There’s a reason the word “die” is in diet.

There is no arrival.

You never get to do something different.

You have to do the same thing to lose the weight as you do to maintain the loss.

So instead of getting a bigger hammer (and bigger pants), I’m listening.

I hear you Millie!

The truth is I’m afraid of Millie.

She knows me too well.

She knows how I fall back into bad habits.

She knows I deceive myself into believing that I can “go back” to old unhealthy patterns and not gain weight.

She knows that when I do go back to those unhealthy habits, I will then blame my kids, my friends, and my busy social calendar for derailing me.

It really isn’t my fault, it’s theirs for making me cook, go to lunch, and attend and host holiday parties.

She knows that during the holidays I cop-out and forget about what is best for my health, and start trying to please everybody else.

Her voice in my head tells me I’m not really doing my family any favors either by making them unhealthy food.

So I’m mentally confessing to Millie that I’ve gained weight, which is the opposite of what I want to do.

I know she’s disappointed but she won’t say that.

She’ll say, “At least you’re back in the game.”

Then my admissions of guilt rush out..

I baked cookies, and ate them.

I even went to a cookie exchange, which I haven’t done for years because I don’t need dozens of cookies sitting around my house.

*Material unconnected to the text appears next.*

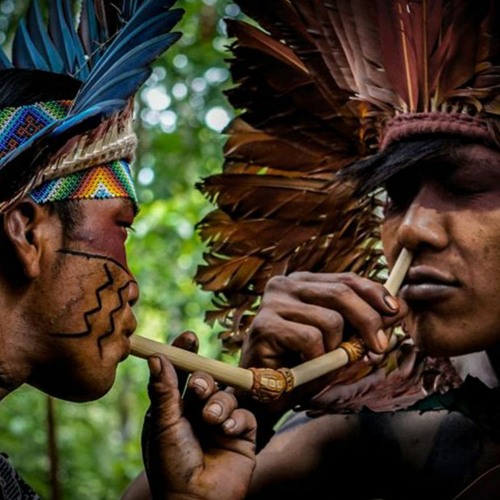 Le Rapé 2 indiens d'Amazonie se font un Rapé Part.&-Atlaneastro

I tried to perfect my candy making skills, and kept eating all the candy.

I made cheesy pasta dishes and homemade rolls for my family.

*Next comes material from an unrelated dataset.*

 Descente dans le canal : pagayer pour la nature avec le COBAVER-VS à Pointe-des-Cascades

I’ve fallen back to eating chips and salsa.

As these admissions spew out, Millie’s voice gets louder.

You’ve got to clean out your house immediately.

Get rid of all the garbage.

You’ve fallen back into old unhealthy habits and it’s time to rein it in.

Don’t beat yourself up about it.

Just pick up and move on.

Clean up the mess.

Remember the five critical control factors to weight loss: Get support, keep food records, exercise, clean up and control your environment, and focus again on counting calories.

Okay, okay.

I’ve got it.

I’m back at it.

Your voice in my head won’t leave me alone.

I know what I have to do.

Sometimes when she pushed me, I called her Malificient, the Disney mistress of all evil.

Really she is my Jiminy Cricket, my conscience, my own inner voice, and inspiration.

And we all need one of those, right?

Happy New Year Millie. I’m back in the game.

Who’s with me?

Comments

  1. Sara Peterson says:

    I also have a voice, not a trainer’s, but one that tells me the same things. I am with you! I will try again to change not just my eating habits for a while, but to adjust my lifestyle. I am not sure I can go for the 8 almonds a day though…

  2. Kathy Briggs says:

    Another amazing reflection of something we can all relate to. Laurie, you’re amazing! Happy New Year!

  3. You echo my thoughts and goals for the new year. But, really – can’t I blame menopause? Doesn’t change the work I have to do, but it feels good to blame something besides ME!